Review: Hearsay – Glossolalia

In the hands of Chicago's Hearsay, time is putty. Turntablist Allen Moore, drummer Bill Harris and cellist/guitarist Ishmael Ali are forever meddling with the pace of passing seconds, urging eachother to hasten or throttle back, sabotaging the temptation of steady grooves, embarking on giddy tempo curves as if witnessed through warped glass. These six pieces were recorded in two days back in January 2021, although one imagines the music to have sent all attempts at time-tracking into disarray – clock hands drooping, sessions ending earlier than when they started...it's apt that the whole album concludes seemingly mid-phrase: Harris' drumstick lifted, Ali preparing for re-entry, Moore's turntable churn simmering nicely, then silence.

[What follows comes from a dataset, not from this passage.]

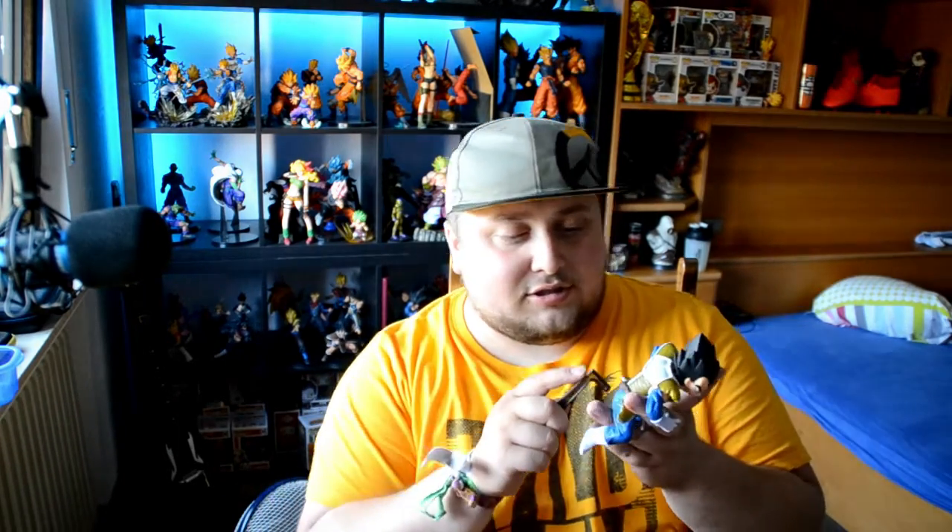Let's put this guy on the base — and there you have it! Here it is, guys: the small BWFC Vegeta. It's very cool; it's going to go right on the shelf next to the other Vegetas. That's it for my unboxing — I hope you liked it! Like always, leave a like, comment, subscribe, all the good stuff. You should know by now. Let's grow this channel, guys. I have a few more unboxings to do, so stay tuned, and see you next time — bye!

Other forms of time-meddling are in play. Repetition looms large, and there's a tri-directional mimicry happening at all times: drums emulating the stuttered loops of the turntable, babbling cello harmonics inspiring sudden flutters of double-speed vinyl manipulation. The members repeat themselves as well as eachother – Harris' steady smacks of the snare drum on "Glossolalia II. Surface Tension" are like the objects of stoic lab trials, observing how a single sound lands on an undulating surface knobbled by plectrum scrapes and scrunched-up turntable rasp. Meanwhile, Moore's glitched playback of a spoken passage on "Glossolalia I. Precursor" deploys uneven repeats that make the words unintelligible, turning vowels into judders of faltered enunciation, shaking phonemes free of their semantic packets.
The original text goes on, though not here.